These are troubled times for satellite based communications networks. Last week ICO Global Communications saw one of its satellites crash to earth soon after launch, just as its troubled rival Iridium was preparing to shut its service completely.
On Monday, Iridium received two eleventh-hour bids from companies willing to buy its global satellite telephone network. A group of investors headed by internet developer and publisher hotJump confirmed the eleventh-hour bid, while indicating that internet publishing house Merit Studios had also entered the fray.
Despite all its troubles, Iridium seemed like a good idea when it was first launched. It took to the skies in November 1998, with a $180m (£114m) advertising campaign promoting voice calls from anywhere on earth.
However, the company filed for bankruptcy protection last August after defaulting on a loan of $800m. Mobile phone entrepreneur Craig McCaw considered an investment, but pulled out of negotiations earlier this month. Instead, he chose to invest in rival ICO, putting $1.2bn into the company with Indian media player, Subhash Chandra. This rescue package came at a crucial time for ICO, which was last year also forced to apply for bankruptcy protection.
Problems at the back-end
Part of Iridium's problems lie with its back-end technology, according to analysts. Keith Mallinson, senior vice president of Yankee Group Europe, said: "It took longer than expected to get going, so Iridium ended up with fairly costly technology that was obsolete by the time it got into service."

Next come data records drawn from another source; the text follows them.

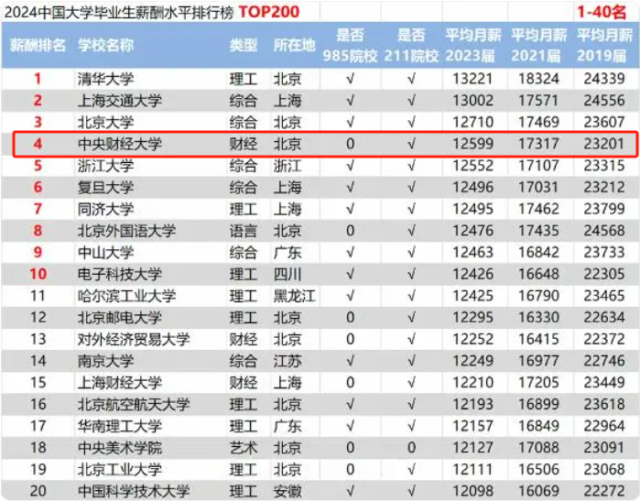 中央财经大学什么专业最好(中央财经大学专业排名最好的专业有哪些)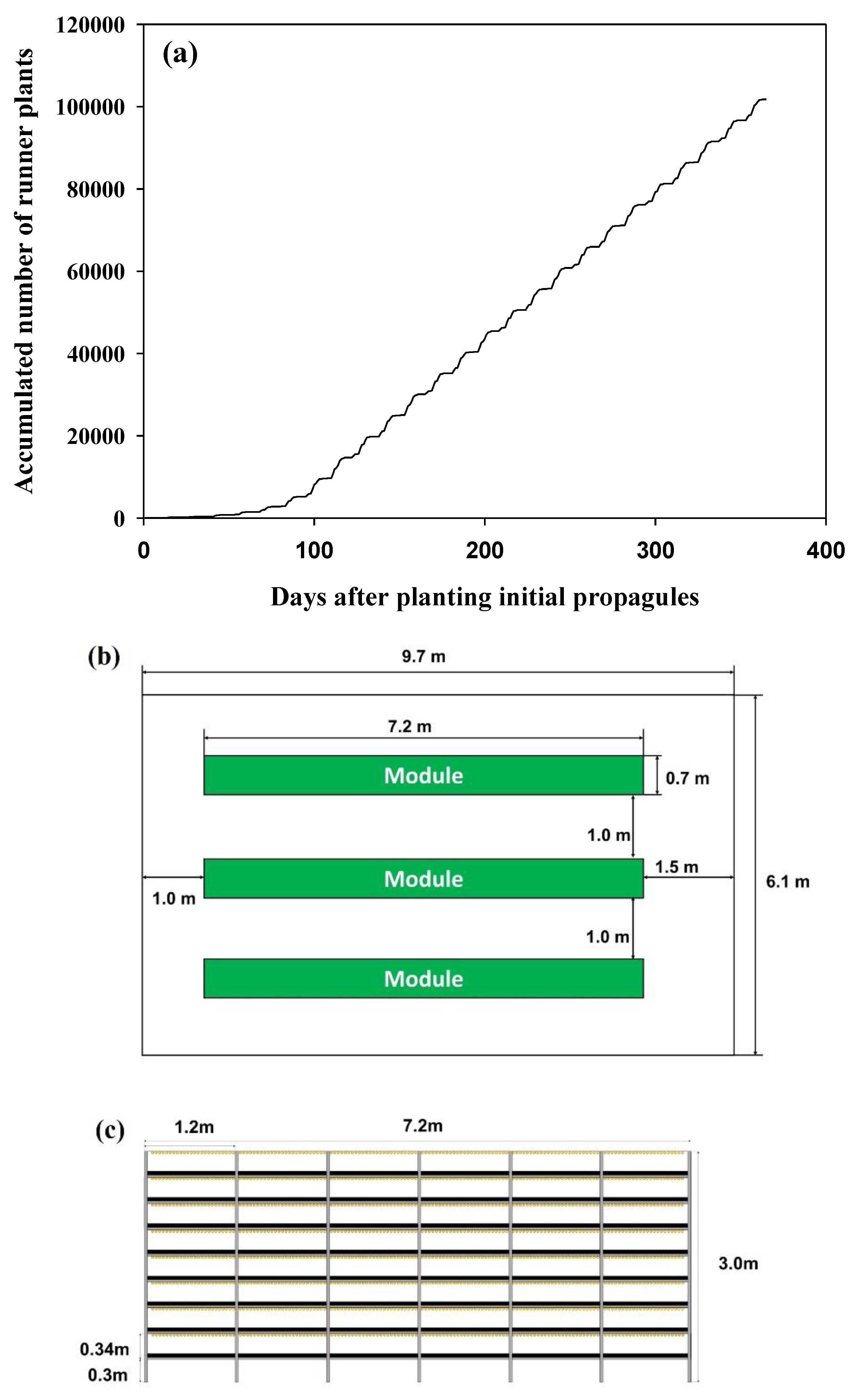 Horticulturae 06 00063 g007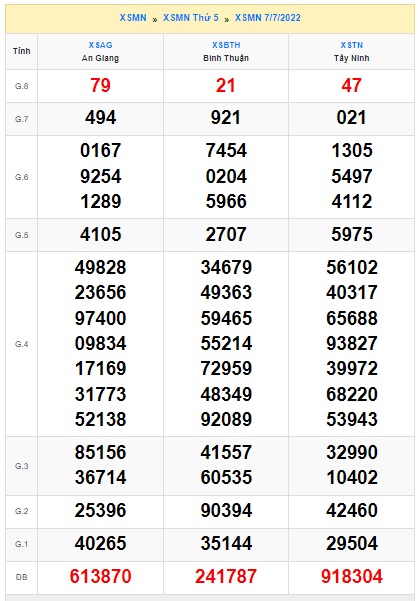 Soi cầu XSMN 14-07-2022 Win2888 Dự đoán xổ số miền nam thứ 5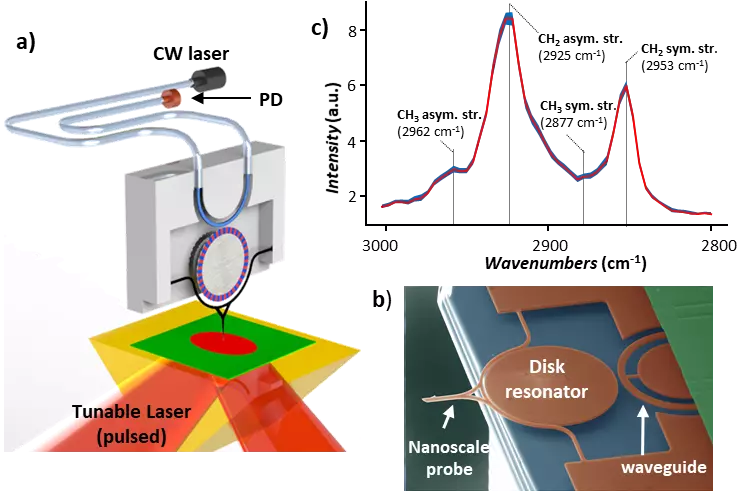 Nanophotonic optomechanical probes enable fast, low noise PTIR measurements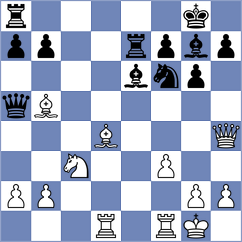 Bluebaum - Ovetchkin (chess.com INT, 2022)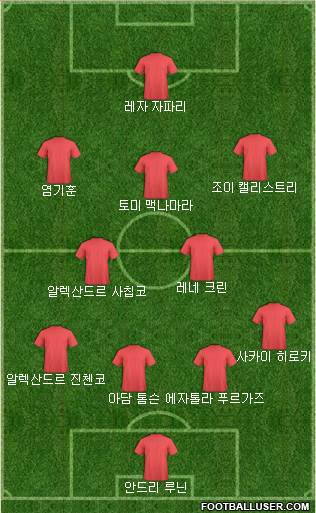 Dream Team Formation 2018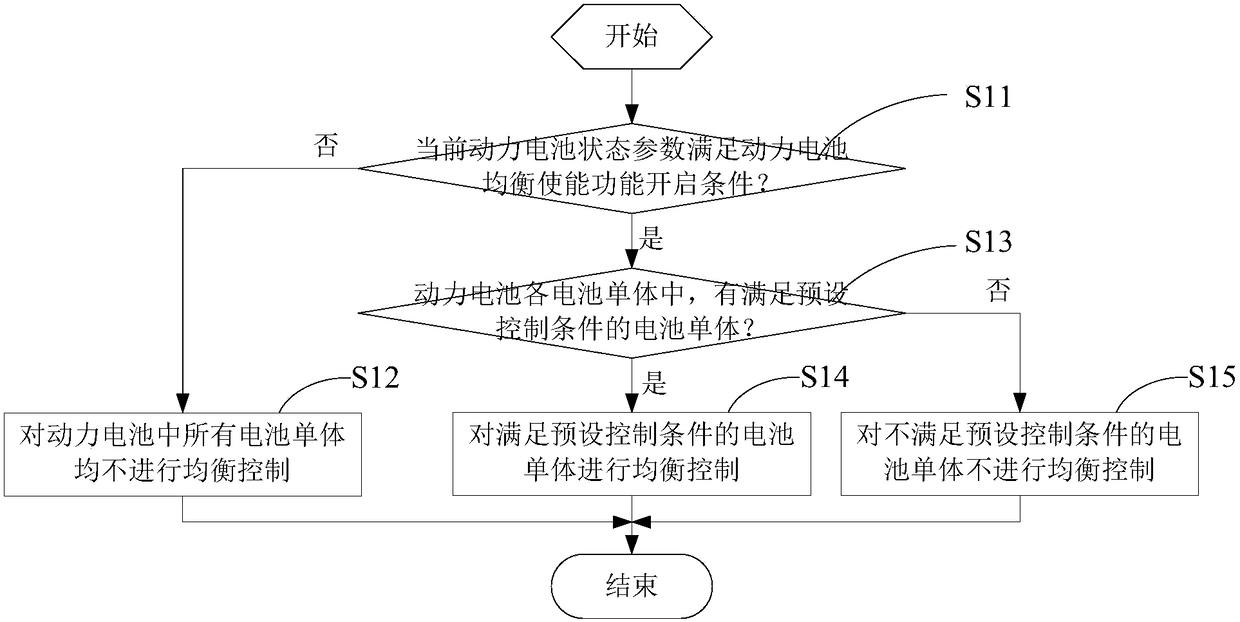 A passive balance control method and system for a power battery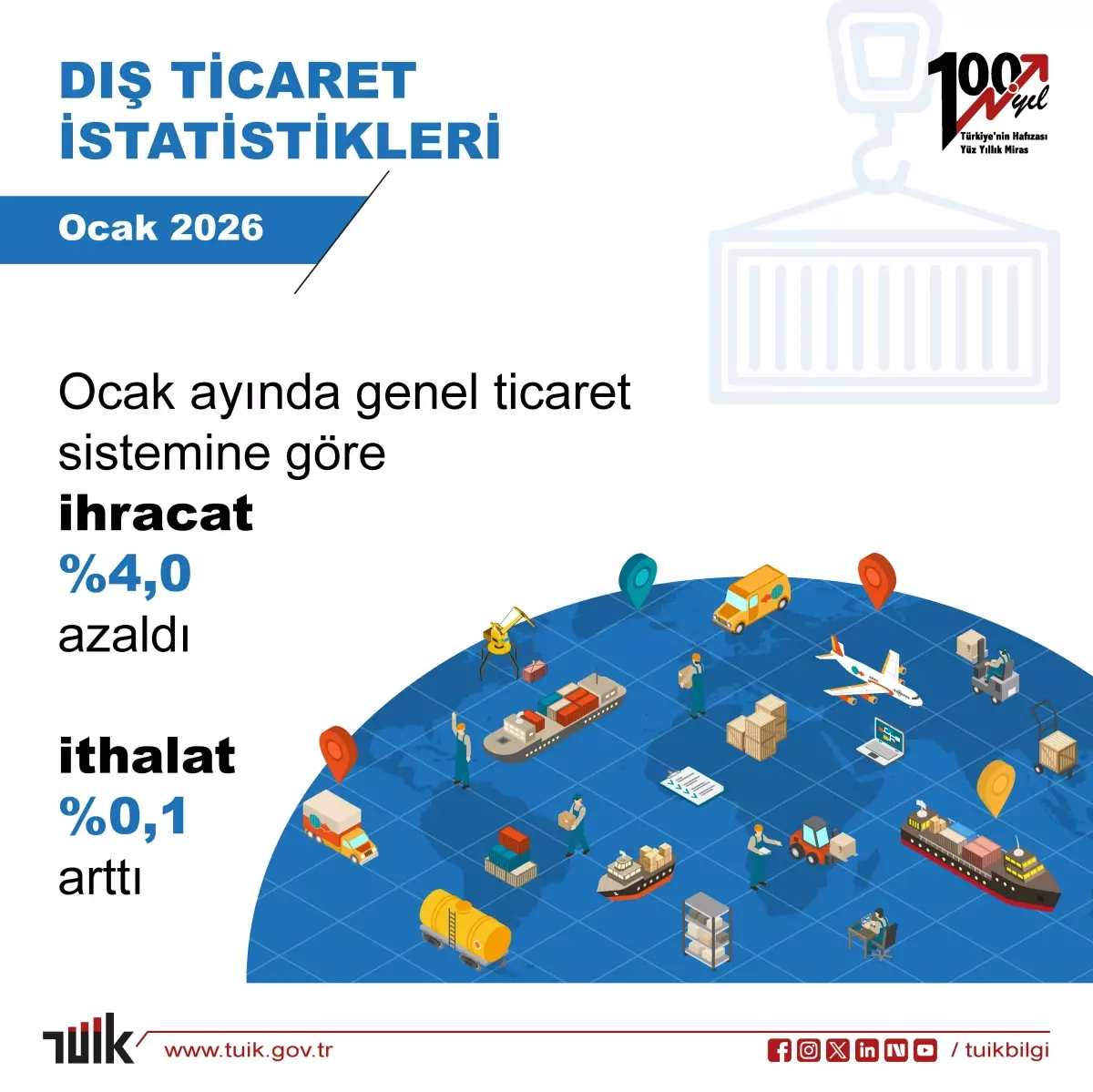 Ocak 2026 Dış Ticaret Verileri Açıklandı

Senior Gartner analyst Gareth Owen, said bandwidth is a particular drawback as Iridium can only carry 2.4kbps. "People who buy satellite handsets will want the same sort of services they can get on cellular phones. They need to be able to connect to the internet and the company Lan, and 2.4kbps is not fast enough." Iridium's planned second generation of satellites would have coped with greater data throughput, he added.
The reliability of the satellites is also a problem. "A number of them failed, and a question mark for any potential buyer is that they have to maintain 66 satellites for the next three or four years," said Owen. "You would have to launch additional satellites, otherwise you'll get gaps in coverage. Motorola originally wanted $500m a year for maintaining the satellite network."
However, other aspects of Iridium are strong. It is the only network that covers the whole planet. Traffic only hits the ground to reach handsets or gateways, where traffic flows through terrestrial mobile phone systems, if available. "I don't understand why a military buyer or a government hasn't shown an interest," said Owen.
Despite this lack of interest, when Iridium launched it believed it would have three or four million users by 2002, be able to pay off $3bn of debts, and have enough left over to launch a second set of satellites. The company's financing depended on it meeting these ambitious targets.
But the launch service was patchy, with technical problems such as dropped calls due to the problems that Gartner identified. Additionally, there were no handsets available in the UK, no pager service, and the operator only received licences to operate in 120 countries, rather than the 200 required for a truly global operation.
However, despite these setbacks the advertising had heightened expectations. "Iridium stoked up demand for handsets, generating a million leads," said Mallinson. "Then it couldn't deal with them. The result was that people got cheesed off with Iridium but had seen the possibilities, so went elsewhere." This hiked demand for Inmarsat, an already operational network set up in 1979 to provide ship-to-shore calls.
The wrong marketing
In April 1999, Iridium's chief executive Edward Staiano, and chief financial officer Roy Grant, resigned just before disappointing financial results. Iridium had lost just over half a billion dollars in the first three months of the year - on an income of $1.4 million. Subscribers were thin on the ground - the company had 15,000 by mid-1999, somewhat less than the 50,000 it had initially hoped to add each month.
Iridium slashed prices - although, with its intercontinental calls tariff down from to $7 a minute to $3, and with handsets cut from $3000 to $1000 wholesale, it was still a lot pricier than a GSM phone with roaming agreements.
To prove its competence, a handset was successfully used to make a call from the summit of Mount Everest. However, most people - who were not on top of the world's highest mountain - decided to cut costs and use a tri-band mobile phone instead.
Notwithstanding these setbacks, analysts agree that there is a future for satellite based communications. Yankee Group thinks there could be several million users within a few years - provided the handsets cost less than $1000, and calls less than $1 a minute.
Gartner's Owen said Iridium got its marketing wrong. "It targeted business people, who want small handsets," he said. "It should have gone for vertical markets, like Inmarsat." It also launched before its systems were ready - a mistake that Globalstar, a rival system, is trying to avoid with a thorough round of testing currently taking place.
Learning from mistakes
Globalstar is learning Iridium's lessons in other ways. It has chosen to target vertical markets, such as shipping, oil and mining, and developing countries, with a fixed phone running on solar power for remote areas, avoiding the need for miles of cable.
Costs will be similar to Iridium's, with a top rate of $3 a minute. It will compete with ICO, which hopes to start operation by mid-2001, and Inmarsat. The latter covers most of the earth's land masses with a 64kbps service called Global Area Network.
It benefited from demand for emergency communications over the Y2K rollover period.